What is the sequence of machine language
instructions of DDD emulated by HHH such that DDD
reaches its machine address 00002183?

Irrelevant off-topic distraction.

Proving that you don't have a clue that Rice's Theorem
is anchored in the behavior that its finite string input
specifies. The depth of your knowledge is memorizing
quotes from textbooks.

Another irrelevant off-topic distraction, this time involving
a false claim.

One can be a competent C programmer without knowing anyting about Rice's
Theorem.

YES.

Rice's Theorem is about semantic properties in general, not just behaviours. >> The unsolvability of the halting problem is just a special case.

A property about Turing machines can be represented as the language of
all Turing machines, encoded as strings, that satisfy that property. http://kilby.stanford.edu/~rvg/154/handouts/Rice.html

However, it is possible that for some property that language cannot
be presented.

Does THE INPUT TO simulating termination analyzer
HHH encode a C function that reaches its "return"
instruction [WHEN SIMULATED BY HHH] (The definition
of simulating termination analyzer) ???

<MIT Professor Sipser agreed to ONLY these verbatim words 10/13/2022>
If simulating halt decider H correctly simulates its input D
until H correctly determines that its simulated D would never
stop running unless aborted then

H can abort its simulation of D and correctly report that D
specifies a non-halting sequence of configurations.
</MIT Professor Sipser agreed to ONLY these verbatim words 10/13/2022>

An attempt to deceive. Professor Sipser is does not say anuthing about
the qestion stated just before the that quote. Instead, is taking
about the halting problem. In particular, the clause "when simulated
by H" is not in the quoted text.

<Accurate Paraphrase>
If emulating termination analyzer H emulates its input
finite string D of x86 machine language instructions
according to the semantics of the x86 programming language

until H correctly determines that this emulated D cannot
possibly reach its own "ret" instruction in any finite
number of correctly emulated steps then

H can abort its emulation of input D and correctly report
that D specifies a non-halting sequence of configurations.
</Accurate Paraphrase>

The "paraphrase" is not accurate. In particular, the phrase "in any
finite number of correctly emulated steps" is not in Sipsers words.

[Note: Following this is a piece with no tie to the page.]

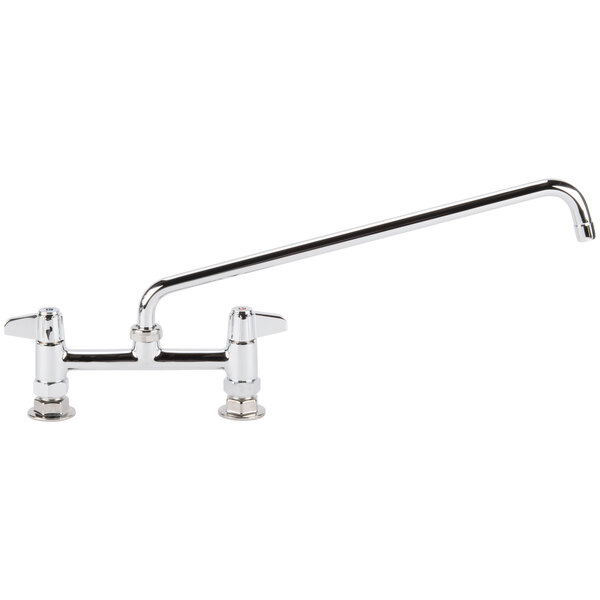 A chrome Equip by T&S deck mounted faucet with a long swing spout and lever handles.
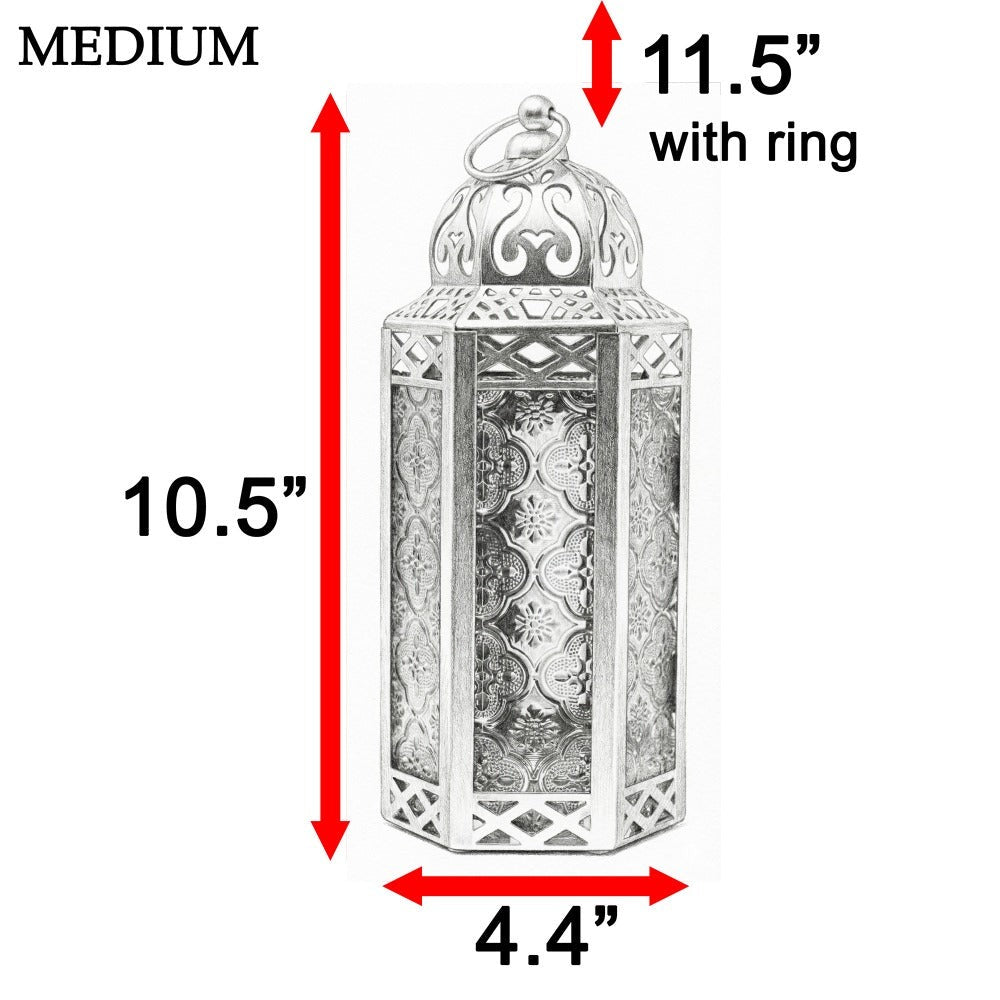 Moroccan Candle Lantern Holder - Decorative Metal & Glass Lantern with Embossed Floral Design for Indoor Home Decor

Memorizing quotes from textbooks is useful for practical purposes but
if it is too hard for you there are other ways.

The whole X represents TM X that halts on its input is inaccurate.

Can't parse. What is the subject of "is inaccurate"?

If you did not merely learn-by-rote you would already know this.

Usually the word "know" is not used about false beliefs.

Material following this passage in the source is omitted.